TL;DR: There is no way to do that!

Detailing this:

How exactly would you want threads to respond "non colaboratively"?

The mechanism mentioned in the video, btw, is an internal mechanism to be used by the Python runtime itself, in hacks such as the attempted in the lecture.

So, back to the how it should work - a signal handler is a registred callback, so even if this would be exposed for Python code - a per-thread signal callback, making this work would be much harder than simply have a queue from where to read instructions from. (and registering a per-thread callback can hardly be said to be "non collaborative" on the thread side).

Anyway, no. Once a Python thread is running, it will keep running until it is "out of code" (it returns from the entry function passed as "target" argument when starting the thread). One can force this to happen by consuming elements from a Queue for inter-thread communication, and given a proper signal on the queue, raise an exception, or break out of a worker-loop. (the pattern known as "poison pill"). That is just how it works.

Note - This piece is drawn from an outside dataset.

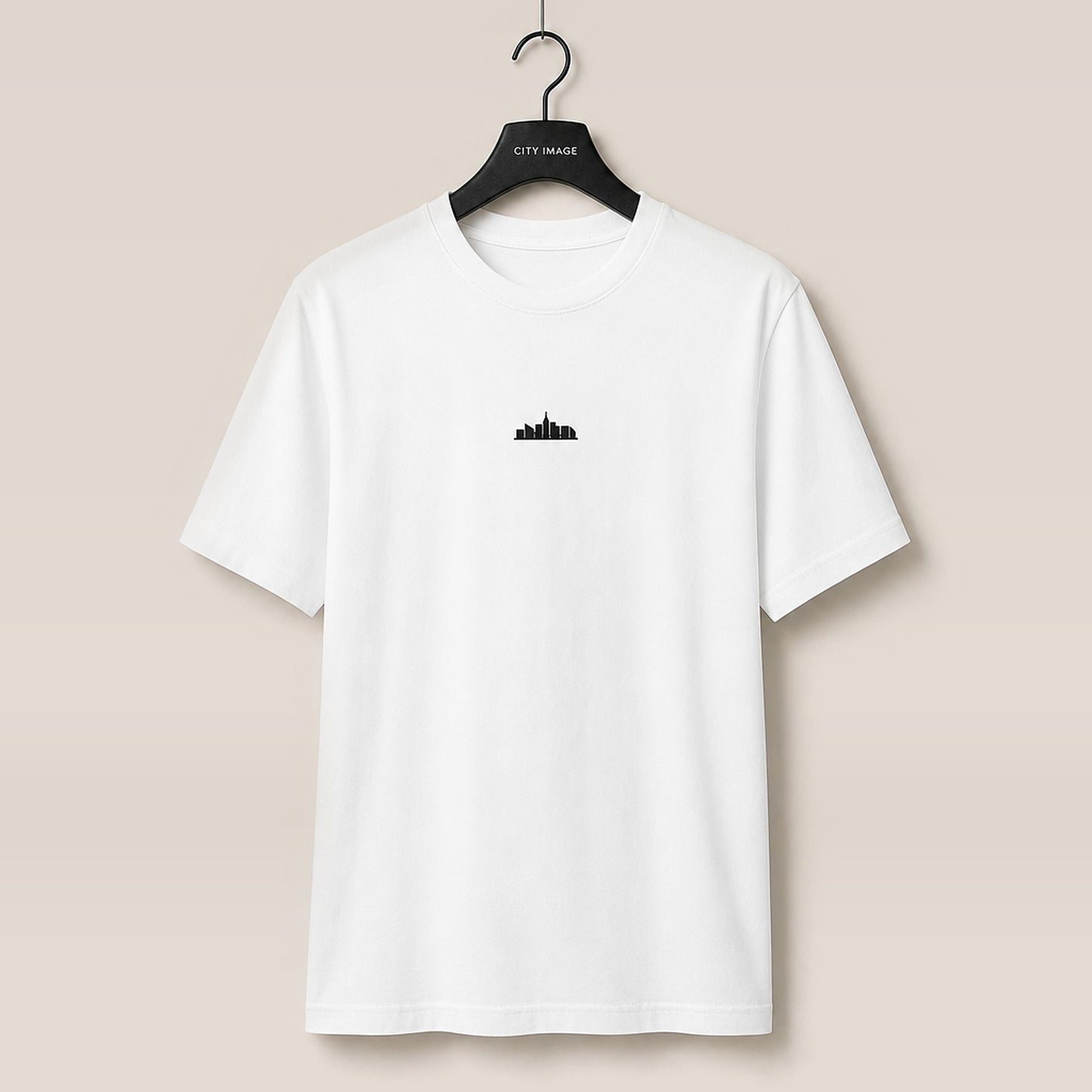 Embroidered Skyline Heavyweight Tee (White) studio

And in Python 3.12, where one can make use of "subinterpreters" that are GIL free, the same logic applies - but that the entry point, instead of being a function is a string of code: if the code evaluated from the string "ends", the interpreter goes idle - and one has to explicitly shut it down. But there are no mechanisms other than shutting down an idle subinterpreter that are meant to be used. (Although one can make a call to shutdown a non-idle subinterpreter, that will more likely than not lead to a Python runtime crash).